EXERCISE>
Could you transcribe every record below exactly, leaving out the pictures?

====

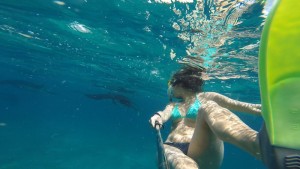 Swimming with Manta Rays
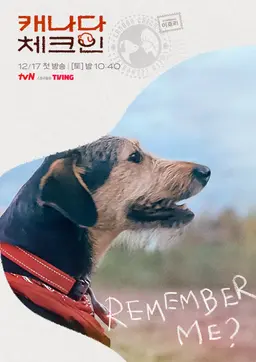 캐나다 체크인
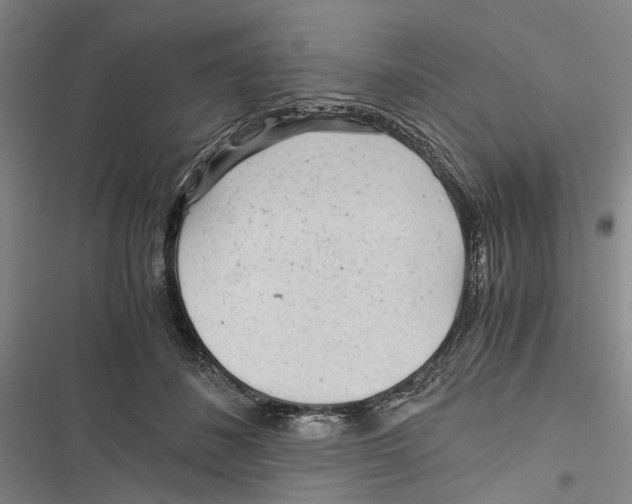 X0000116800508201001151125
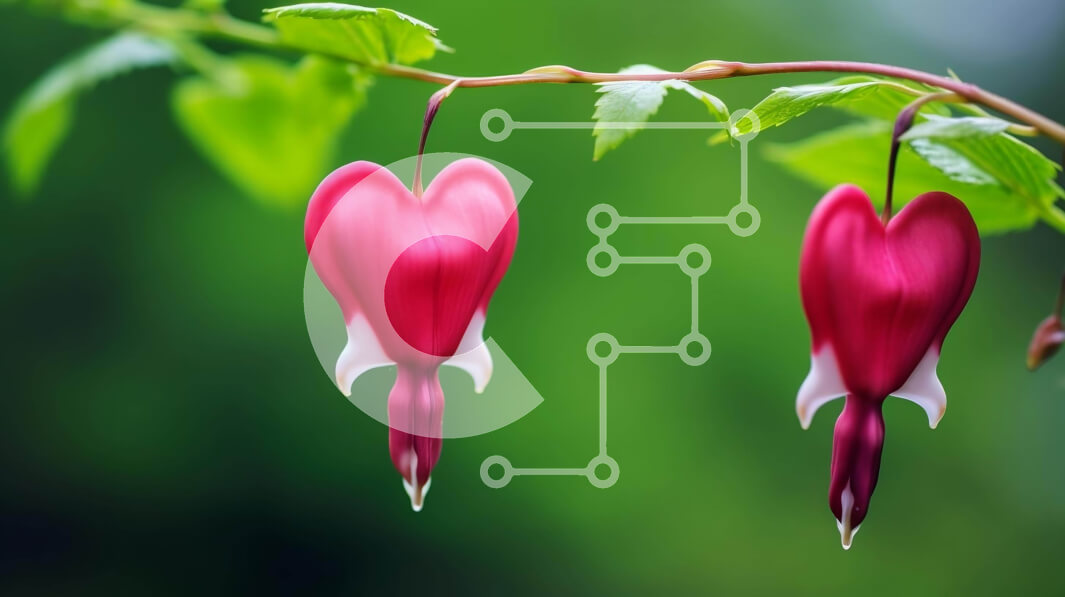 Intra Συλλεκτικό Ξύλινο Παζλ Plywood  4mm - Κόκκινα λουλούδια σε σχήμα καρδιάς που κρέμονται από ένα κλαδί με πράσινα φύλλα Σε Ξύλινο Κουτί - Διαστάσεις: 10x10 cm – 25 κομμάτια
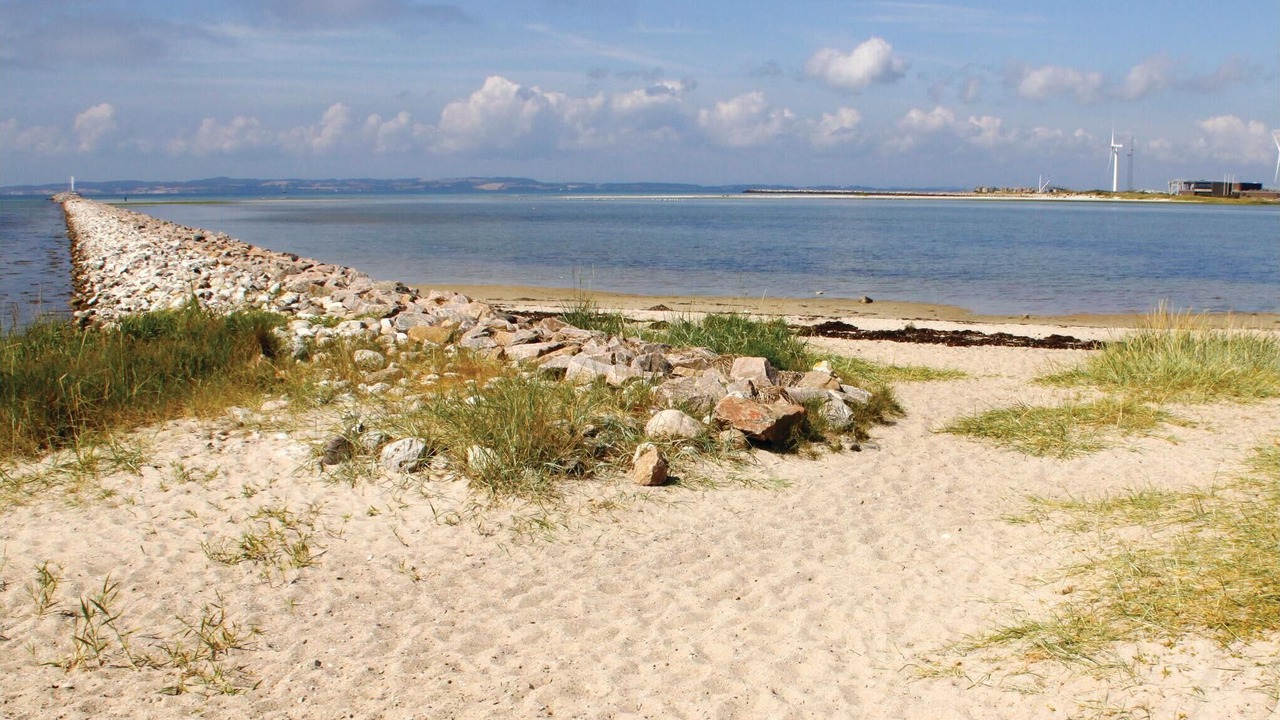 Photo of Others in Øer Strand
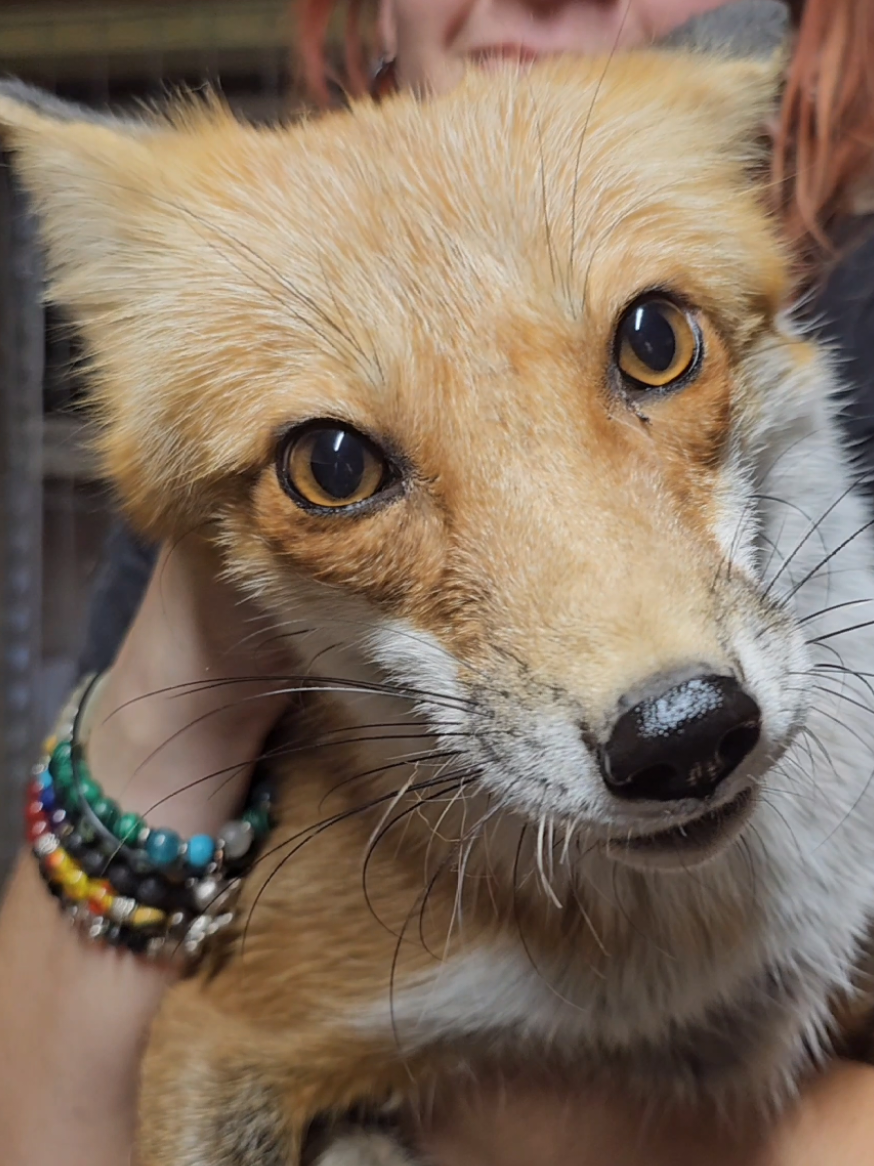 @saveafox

====

TASK SOLUTION>
 Swimming with Manta Rays
 캐나다 체크인
 X0000116800508201001151125
 Intra Συλλεκτικό Ξύλινο Παζλ Plywood  4mm - Κόκκινα λουλούδια σε σχήμα καρδιάς που κρέμονται από ένα κλαδί με πράσινα φύλλα Σε Ξύλινο Κουτί - Διαστάσεις: 10x10 cm – 25 κομμάτια
 Photo of Others in Øer Strand
 @saveafox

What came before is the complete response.